Hearing Loss in Alzheimer’s Disease Is Associated with Altered Serum Lipidomic Biomarker Profiles
1
Molecular and Cellular Biology, University of Illinois at Urbana-Champaign, Urbana, IL 61801, USA
2
Carle Neuroscience Institute, Urbana, IL 61801, USA
3
Department of Biology and Schreyer Honors College, Pennsylvania State University, University Park, PA 16802, USA
4
GlaxoSmithKline, Collegeville, PA 19426 USA
5
Department of Mathematics, Statistics and Computer Science, University of Illinois at Chicago, Chicago, IL 60607, USA
*
Author to whom correspondence should be addressed.
†
Data used in preparation of this article were obtained from the Alzheimer’s Disease Neuroimaging Initiative (ADNI) database (adni.loni.usc.edu). As such, the investigators within the ADNI contributed to the design and implementation of ADNI and/or provided data but did not participate in analysis or writing of this report. A complete listing of ADNI investigators can be found at: http://adni.loni.usc.edu/wp-content/uploads/how_to_apply/ADNI_Acknowledgement_List.pdf .

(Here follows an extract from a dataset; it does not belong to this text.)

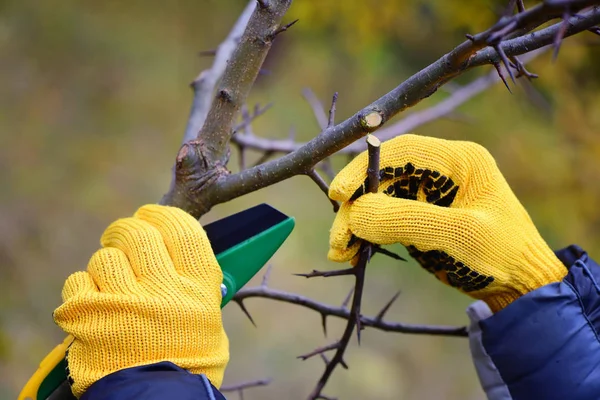Mãos com luvas de jardineiro fazendo trabalhos de manutenção, poda de árvores no outono — Fotografia de Stock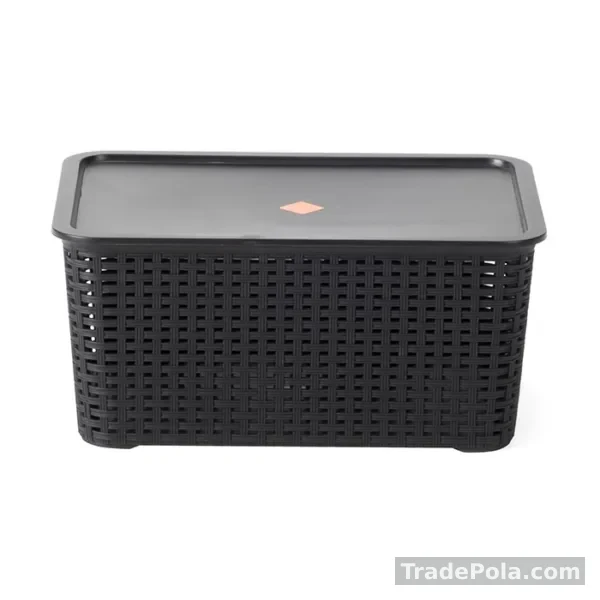 Rattan Deco Box – 10 LTR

Cells 2020, 9(12), 2556; https://doi.org/10.3390/cells9122556
Received: 21 October 2020 / Revised: 23 November 2020 / Accepted: 24 November 2020 / Published: 28 November 2020
(This article belongs to the Special Issue Novel Biomarkers for Alzheimer’s Disease and other Neurodegenerative Diseases)

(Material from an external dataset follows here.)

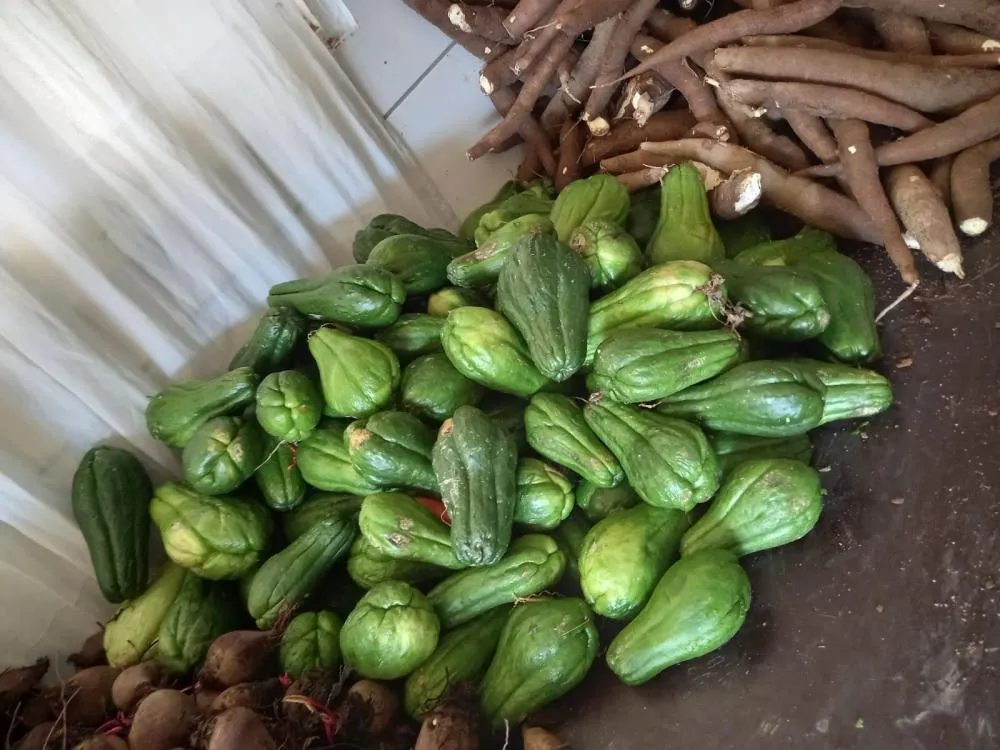 Entrega de verduras beneficia 140 famílias e fortalece a segurança alimentar em Suzano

Recent data have found that aging-related hearing loss (ARHL) is associated with the development of Alzheimer’s Disease (AD). However, the nature of the relationship between these two disorders is not clear. There are multiple potential factors that link ARHL and AD, and previous investigators have speculated that shared metabolic dysregulation may underlie the propensity to develop both disorders. Here, we investigate the distribution of serum lipidomic biomarkers in AD subjects with or without hearing loss in a publicly available dataset. Serum levels of 349 known lipids from 16 lipid classes were measured in 185 AD patients. Using previously defined co-regulated sets of lipids, both age- and sex-adjusted, we found that lipid sets enriched in phosphatidylcholine and phosphatidylethanolamine showed a strong inverse association with hearing loss. Examination of biochemical classes confirmed these relationships and revealed that serum phosphatidylcholine levels were significantly lower in AD subjects with hearing loss. A similar relationship was not found in normal subjects. These data suggest that a synergistic relationship may exist between AD, hearing loss and metabolic biomarkers, such that in the context of a pathological state such as AD, alterations in serum metabolic profiles are associated with hearing loss. These data also point to a potential role for phosphatidylcholine, a molecule with antioxidant properties, in the underlying pathophysiology of ARHL in the context of AD, which has implications for our understanding and potential treatment of both disorders.